Engaging our two student interns with us through the University of Bradford summer experience we revisited the idea of the Community Engagement Strategy, using Looby MacNamara’s Design Web Visioning process, which helped start our Phase 2 visioning to further engage our community. It kick-started a whole year; flyering and door-knocking, and surveying again. We left sheets for the design web phases available for people to feed into on site whilst we worked or had a cuppa together. 

 

 

Rather than making our boundary smaller we needed more people to engage and bring each of the areas of our site to life, to co-create and manage it all: veg growing, forest garden, wildlife area, therapy garden and community area. 

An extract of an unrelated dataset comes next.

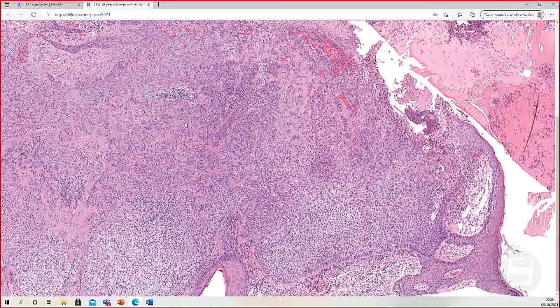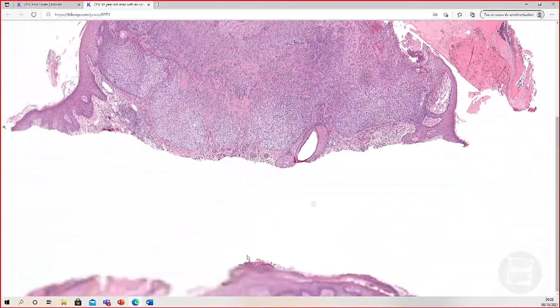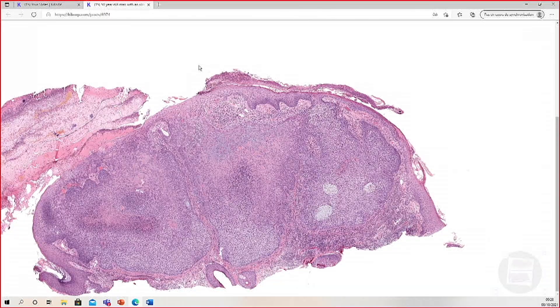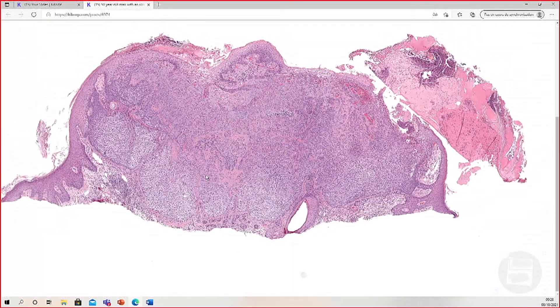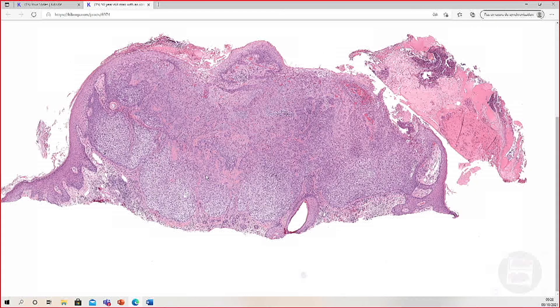This is a desmoplastic trichilemmoma. You can just diagnose this as trichilemmoma — the 'desmoplastic' designation is a pattern for pathologists to recognize so that you don't mistakenly confuse it with carcinoma. This is a good diagnosis to know because it may spare someone a larger surgery they don't need. These often occur on the nose or cheek, and could result in Mohs surgery or a larger excision if misdiagnosed as carcinoma.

Fundraising came up as a point of weakness, so, I developed my fundraising skills. Building on the bubble designs and specific area designs (forest garden, community area) I co-designed, tweaked and successfully fundraised for them. We then implemented numerous projects bringing in many partners, which helped us to see where the energy was/ is. This enabled us to trial new ideas and to fine tune them to meet the needs of the community, building on what we learnt from the visioning. We have also expanded our team. Phase 3, the next phase is all about ‘Design from Pattern to detail’. Although I’m moving on to pastures new, I’m excited to see how the project develops!

 

Through co-design, implementing practical projects, and coordination of the project as a member of the co-op, I have co-evolved with this wonderful urban oasis for the last 13 years, starting as a volunteer and developing as a human being and permaculture practitioner, and am incredibly grateful for this opportunity!